What this task involves: Write out the material below again, line for line, without any images.

Data shown:
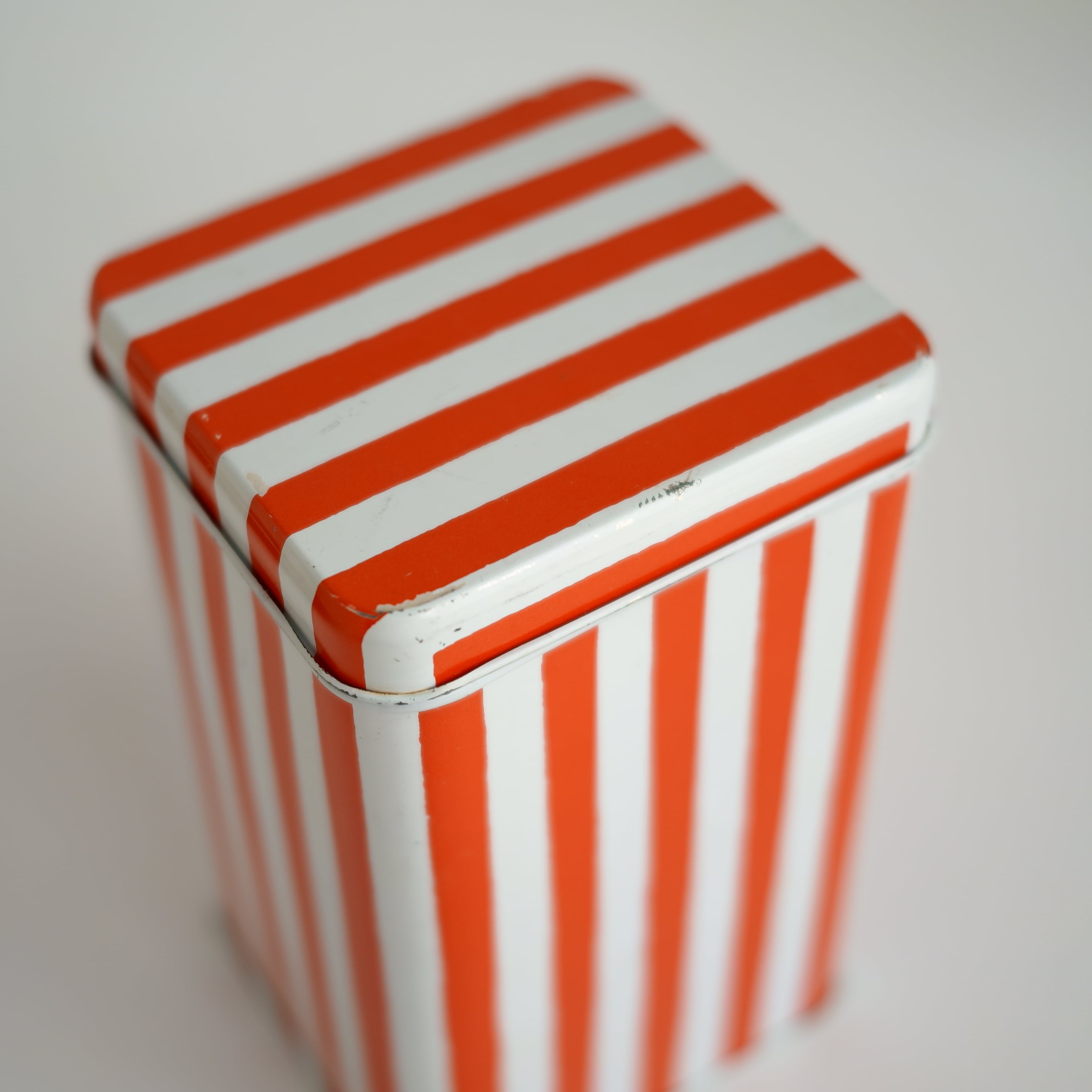 marimekko / Tin Canister | troldhaugen antiques ｜ 北欧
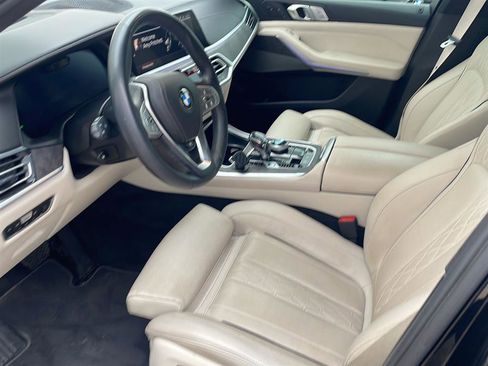 Certified 2022 BMW X7 xDrive40i w/ Premium Package AWD/4WD image 3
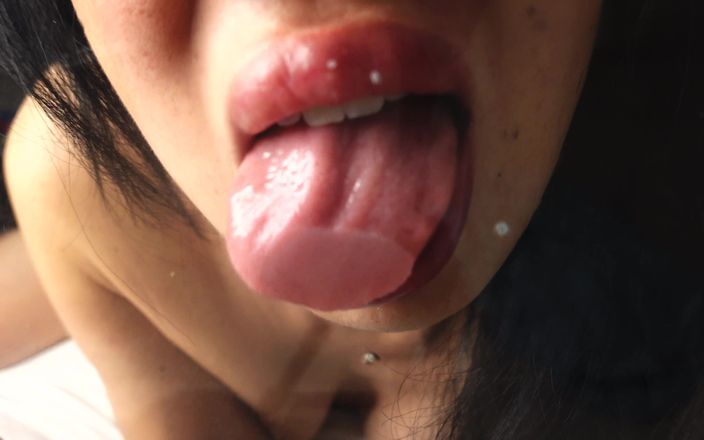Asmr_mouth: Облизування скла в оголеності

Written answer:
 marimekko / Tin Canister | troldhaugen antiques ｜ 北欧
 Certified 2022 BMW X7 xDrive40i w/ Premium Package AWD/4WD image 3
Asmr_mouth: Облизування скла в оголеності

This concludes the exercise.